Over 60 million deaths later, it was abundantly clear how wrong they had been.
The one lesson that should have been learned from that can be summed up in three simple words, one of the most insightful pieces of advice I’ve ever heard — apparently first a Marine Corps pilot, one Major John Christensen.
“Honor the threat.”
When someone who doesn’t like you speaks, listen. Listen very carefully. For they will often speak far more truthfully than they should. And it is the fool that tries to soften their words, who hears what they wish to hear instead of what is said, who searches desperately for signs of hope and moderation and peaceful intent when there is none.
You want an example? I’m feeling generous. I’ll give you two.
Iran is led by a Prime Minister who has a history of ordering and carrying out the executions of his enemies, both at home and abroad. He has been tied to the deaths of dozens, if not hundreds, of Iranian dissidents around the world. He has repeatedly proclaimed his belief in the Islamic version of Armageddon, has repeatedly called for Israel to be wiped off the map, and insists on unfettered research into nuclear physics — saying it is strictly for peaceful purposes, but meanwhile asserting his nation’s right to possess nuclear weapons.
Yet yesterday the New York Times featured a column by an MIT professor of political science who says that a nuclear Iran might not be such a bad thing.
Next example? Hamas has spent its entire nearly 20-year existence devoted to one goal: the destruction of Israel and the institution of an Islamist state over Palestine. Toward that end, they have butchered scores and scores of innocents. They have repeatedly, forcefully, violently rejected the notion of compromise, of negotiations, of a peaceful solution to the Israeli-Palestinian conflict. They sole answer to all pleas, all appeals, all suggestions, is death and more death and more death.

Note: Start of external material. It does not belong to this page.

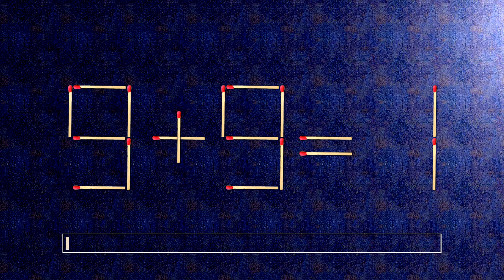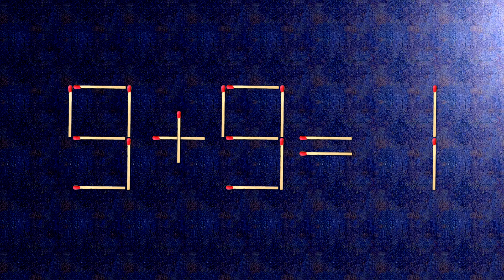How this puzzle is solved. To do this, all we need to do is move this match right here and this match right here. Now when we check the condition, 9 minus 5 is 4.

And now that they have won a majority of seats in the Palestinian Assembly and are poised to take the reins of government, much of the world is convinced that this will finally bring them to reason and sense.
As a die-hard comic book fan, who in many ways was raised on superheroes and the ethos they espouse, it pains me to say this, but it seems to be true: so many people have completely twisted Stan Lee’s most profound observation:
“With great power comes great responsibility.”
To these people, that is prophecy. When someone suddenly finds themselves in possession of power, they suddenly find they also have a proportional sense of responsibility. That the achievement of this goal somehow sates their passions, and they suddenly have judgment and reason and rationality and a sense of obligation to not abuse their newfound potency. In a horribly misguided reversal of Lord Acton’s most famous observation, power does not corrupt, in ennobles. And absolute power is positively beatific.
Stan The Man didn’t intend those words that way. They were a warning, to those who seek power and possess a conscience. Seek power if you wish, but always be aware of the burden it brings. Keep a firm grasp on your principles, your beliefs, your scruples, your ethos before you achieve your true potential, because they will be assailed as never before.
Another great comic-book writer disagreed with Acton’s observation. Jim Shooter once had a character say that it was bunk; power is neutral. It simply amplifies what you already are. If you are petty, you become mightily petty. If you are wrathful, you will inflict that wrath on a much greater scale. And if you are strongly rooted in your sense of ethics and responsibility, you just might be able to resist the temptations and use that power wisely.
Hamas and the Iranian government have never shown any signs of moderation, of reason, of compromise, of being willing to be a part of the civilized world. They have their own selfish, violent goals, and have killed countless people so far in their quest. Now, as both stand on the verge of achieving their greatest acquisition of temporal power (Hamas, in cloaking itself in the garb of semi-statehood; Iran, in possessing nuclear weaponry), it is insanity to think that this victory will deter them from their long-sought and clearly-stated goals.
More than insanity, it is stupidity.
And in a world where stupidity is often a capital offense, it’s a folly we dare not risk.
They have spent decades making their threats, and are now on the cusp of being able to carry them out.
Will we honor those threats, or will we convince ourselves that they don’t really mean what they’ve been saying for so long?